Porque o mundo tem todo o tempo para mim
Era Outono. A Patagónia vestia-se de cores absolutamente extraordinárias. As Lengas (Nothofagus pumilio) cobriam-se de um manto malhado, mosqueado, todo ele remendado nas diversas cores. Uma espantosa paleta de tons nas cores amarela, vermelha, branca ou verde. Achei que nem mesmo um pintor, conseguiria aqueles tons. Eu, sozinho, munido de uma mochila às costas e de uma camara fotográfica ao pescoço, caminhava há algumas horas. Partira bem cedo de “El Chaltén” (pequena povoação na Argentina), com destino ao “Fitz Roy” (Cerro Chaltén).
O nome “Fitz Roy” provém da homenagem ao capitão do navio que levou Charles Darwin na sua volta ao mundo. No seu sopé existe uma lagoa muito bonita de nome “Laguna de los Tres”. Eu queria vê-la, fotografá-la, memorizá-la. Uma forma de enriquecer, não o bolso, mas a mente.
A meio do caminho, dou por mim envolto naquele manto malhado, mosqueado. A fotografia em cima é retrato disso mesmo. Mais parece uma pintura. As árvores (que morrem de pé) adornam-se com cores de outono. Algumas, já no fim de vida, deixam transparecer os ramos secos, velhos, brancos e negros. Nus. A longevidade da sua vida, deixa marcas. Nós, Humanos, somos parecidos. Tal como a árvore, podemos tentar minimizar as marcas que a vida nos impôs, cobrindo-nos de adornos. Mas seremos incapazes de apagar as marcas da longevidade.
Eu olhei ao meu redor e registei algumas fotografias. Qual memória para mais tarde recordar, como está a acontecer com este texto.
Minutos depois, desviei o olhar destas árvores e prossegui o meu caminho. De certa maneira há que prestar atenção e valorizar aquilo ou aqueles que nos rodeiam. Mas, a vida deve continuar. O caminho faz-se caminhando, disse-o o poeta espanhol António Machado. E eu concordo.
Duas horas depois, o meu olhar já só via tudo em tons de amarelo e vermelho. Dei por mim a tentar retirar os óculos de sol. Mas para meu espanto não os tinha comigo. Estava embebecido com todo aquele colorido. Era essa a realidade.
Uns passos mais à frente, começo a ouvir o barulho ténue de uma cascata.
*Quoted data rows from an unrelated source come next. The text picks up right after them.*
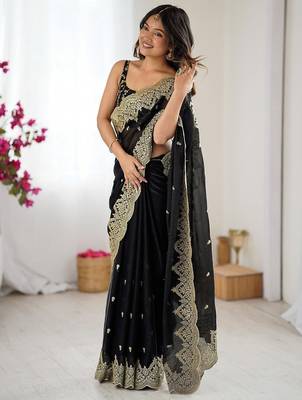 Black embellished sequinned chiffon designer saree 4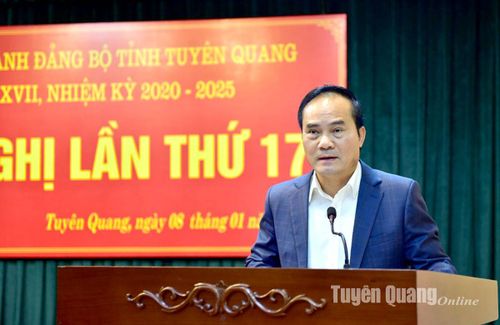 Phó Chủ tịch UBND tỉnh Hoàng Việt Phương trình bày dự thảo Chương trình hành động tại hội nghị.
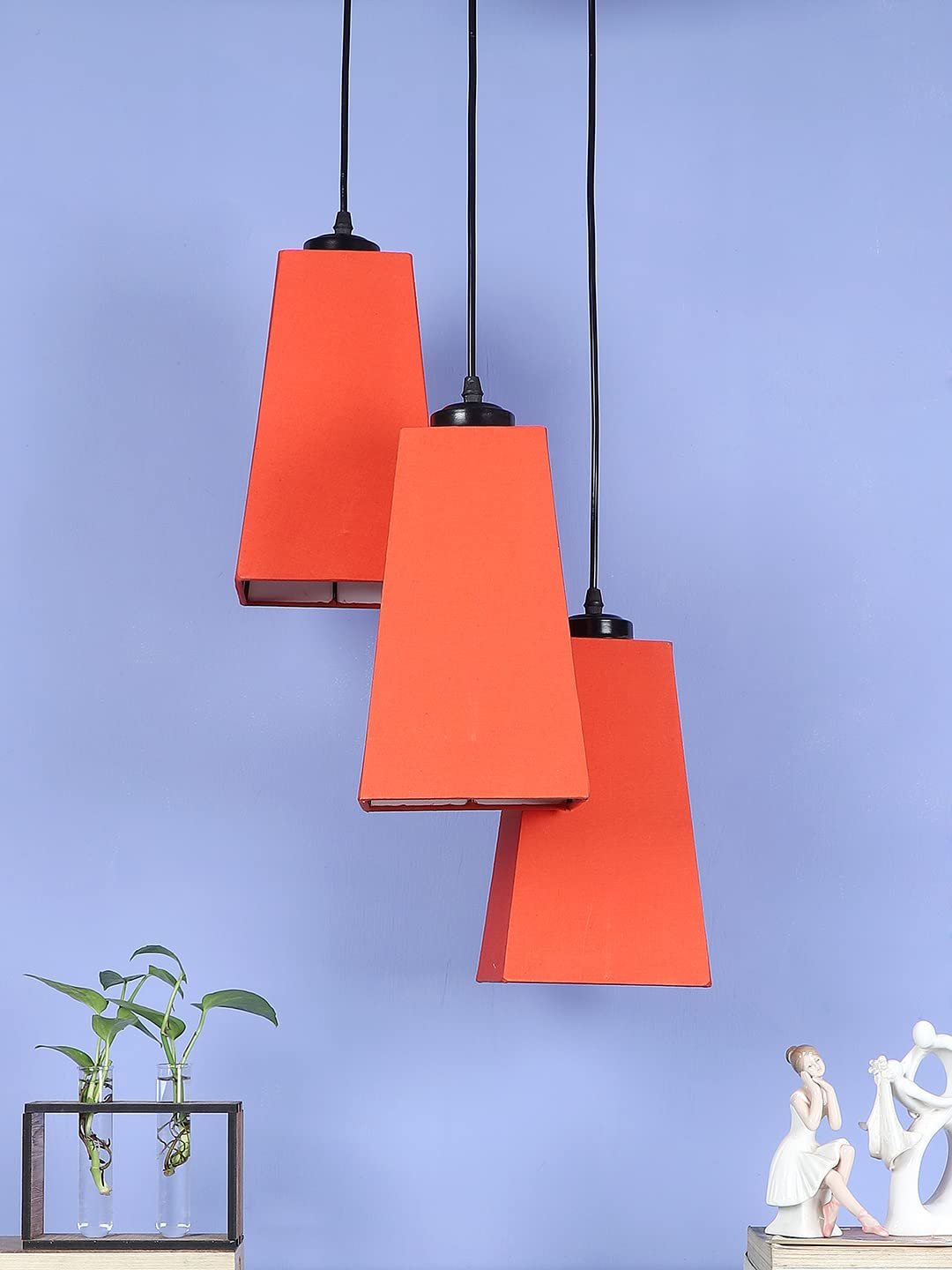 Orange Cotton Pyramid Cluster Hanging Lamp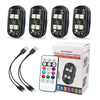 A set of multi-color car ambient interior lights with a remote control and power cables displayed next to the product box.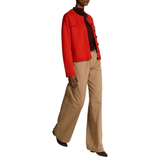 Washed Cotton Carnello Twill Mid-Rise Wide-Leg Pant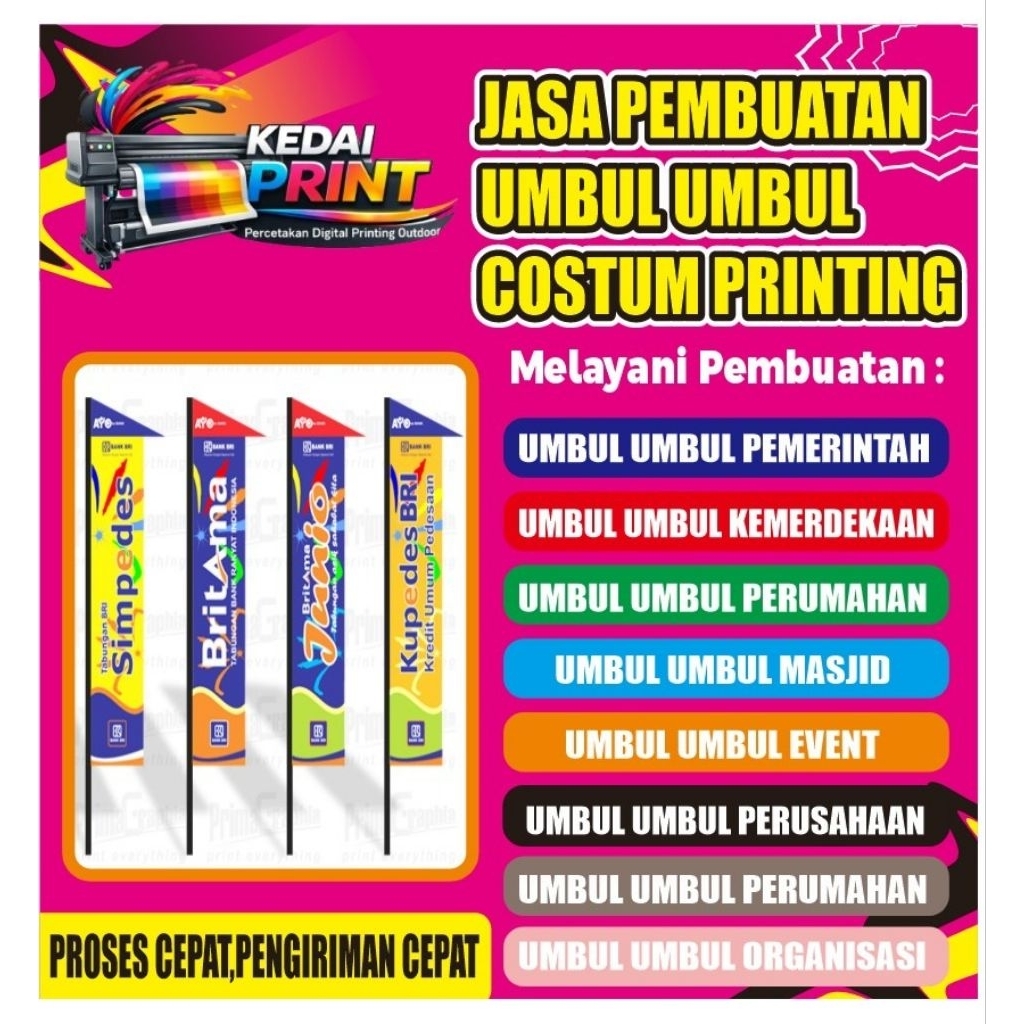 umbul umbul / Cetak Umbul Umbul Costume / Cetak bendera / Bahan cloth banner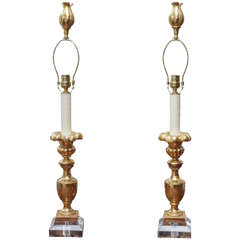 Pair of Beautifully Made Up with Lucite Bases 18th Century Fragment Lamps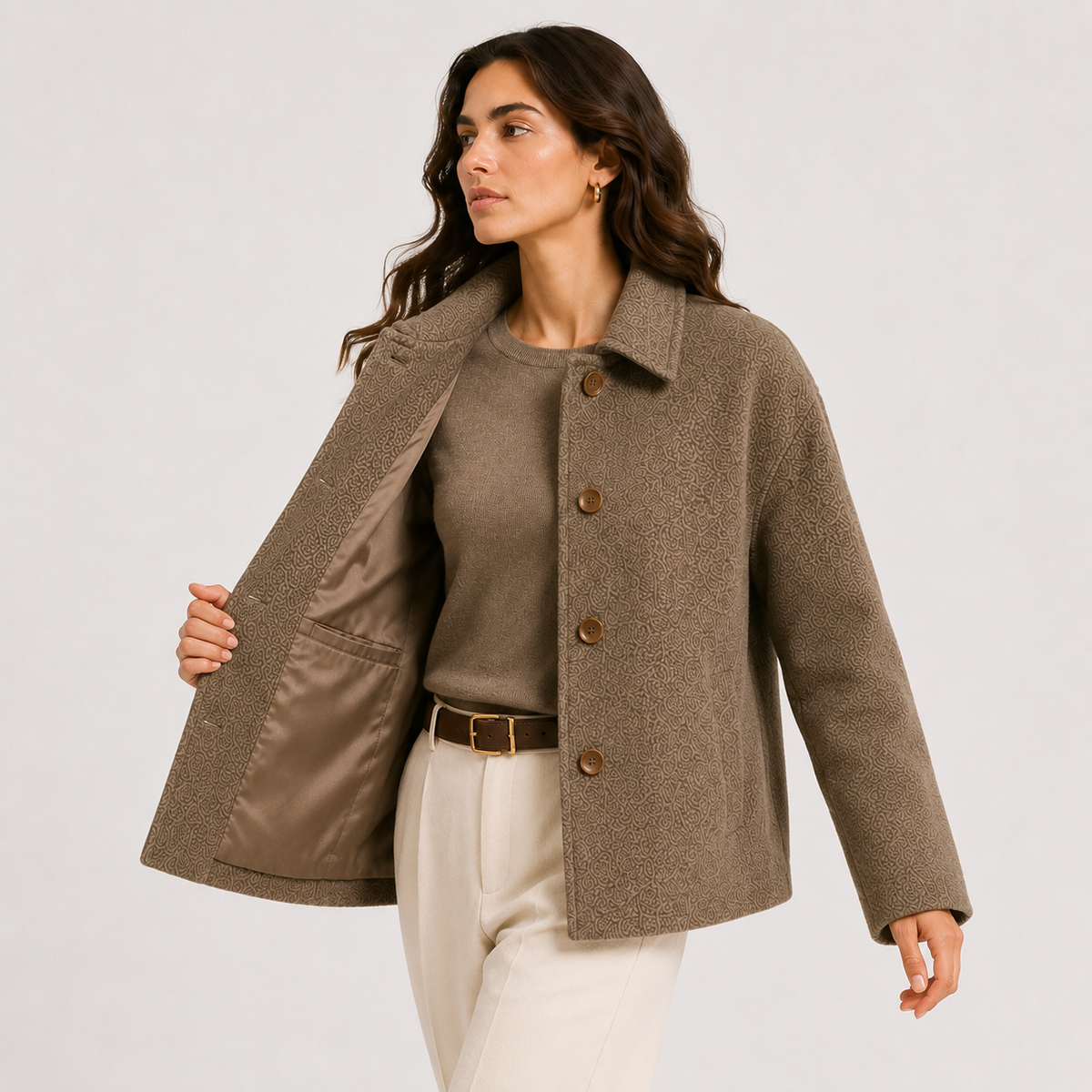 Women's Button Front Jacket UK – Relaxed Fit Fall Winter | The Lior | Huna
A água a correr pelos rios e ribeiros de alta montanha, deixa marcas nos ouvidos daqueles que admiram a natureza em silêncio. Tentei não fazer muito barulho com os pés. Hoje, penso que cheguei a levitar, pois só me lembro do claro som da água a correr por entre as pedras. Tentei vislumbrar por entre as Lengas, esse som. Ouvir com os olhos. Ver primeiro e ouvir depois. Procurar a imagem da água algures por detrás dos troncos velhos das árvores. O som confirmaria depois esse vislumbre. E assim foi. Serpenteei por entre as árvores e vislumbrei o Rio de montanha. Águas límpidas e selvagens. Corri na sua direção e só voltei a sentir os pés, quando dei por mim quase a cair à água.
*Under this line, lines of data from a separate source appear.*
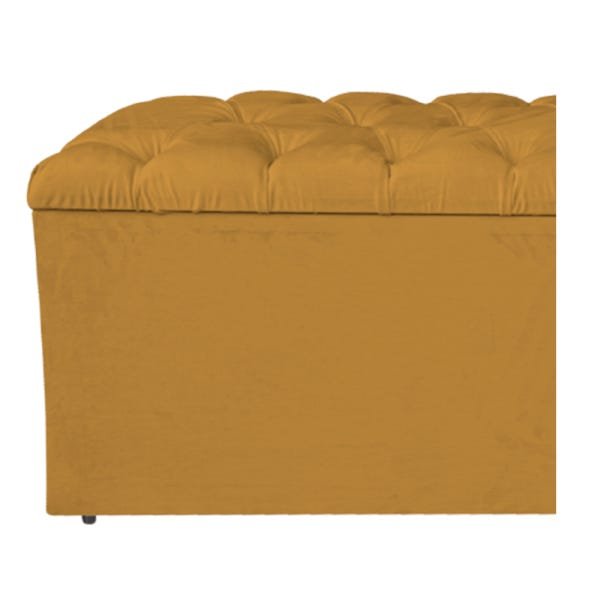 Calçadeira Estofada Liverpool 100cm Solteiro Suede Mostarda - Adj Decor - 6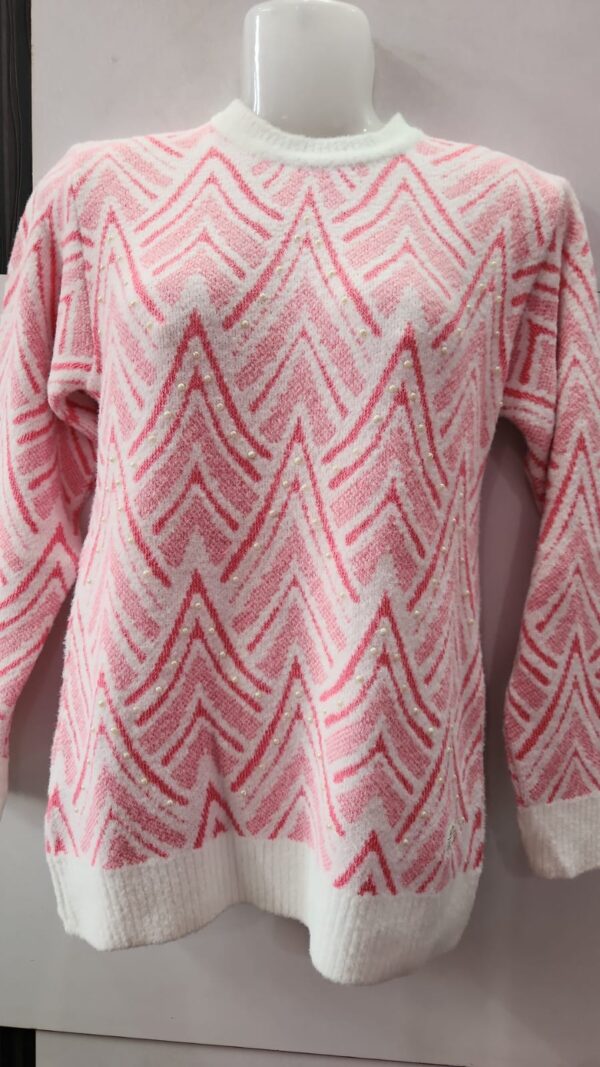 Pretty pink Woolen top with pearl detailing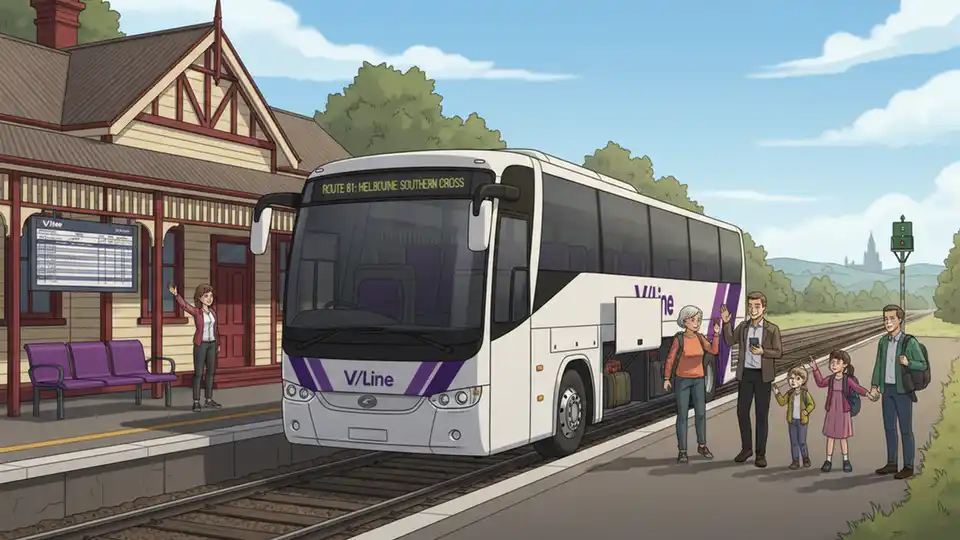 V/Line coach bus at regional station stop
Estanquei. Respirei fundo, enquanto retirava a mochila das costas. Peguei na camara fotográfica, (tive de a procurar pois já não a sentia ao pescoço) e registei esta fotografia. Uma, duas, três, quatro… Talvez umas duas dúzias delas, enquanto tentava respirar mais calmamente. Passada toda aquela emoção, sentei-me ao lado da mochila. E ali fiquei a ouvir a água. A ouvir o vento. A ouvir o Condor. A ouvir o balouçar das folhas nas árvores. Ver, era quase impossível, tamanho o êxtase. E deixei-me levar pelos sentidos. Impossível adormecer ali. Sozinho, ali fiquei até me lembrar de que tinha de continuar. O “Fitz Roy” era o destino final. Depois eu teria todo o tempo do mundo. Porque o mundo tem todo o tempo para mim.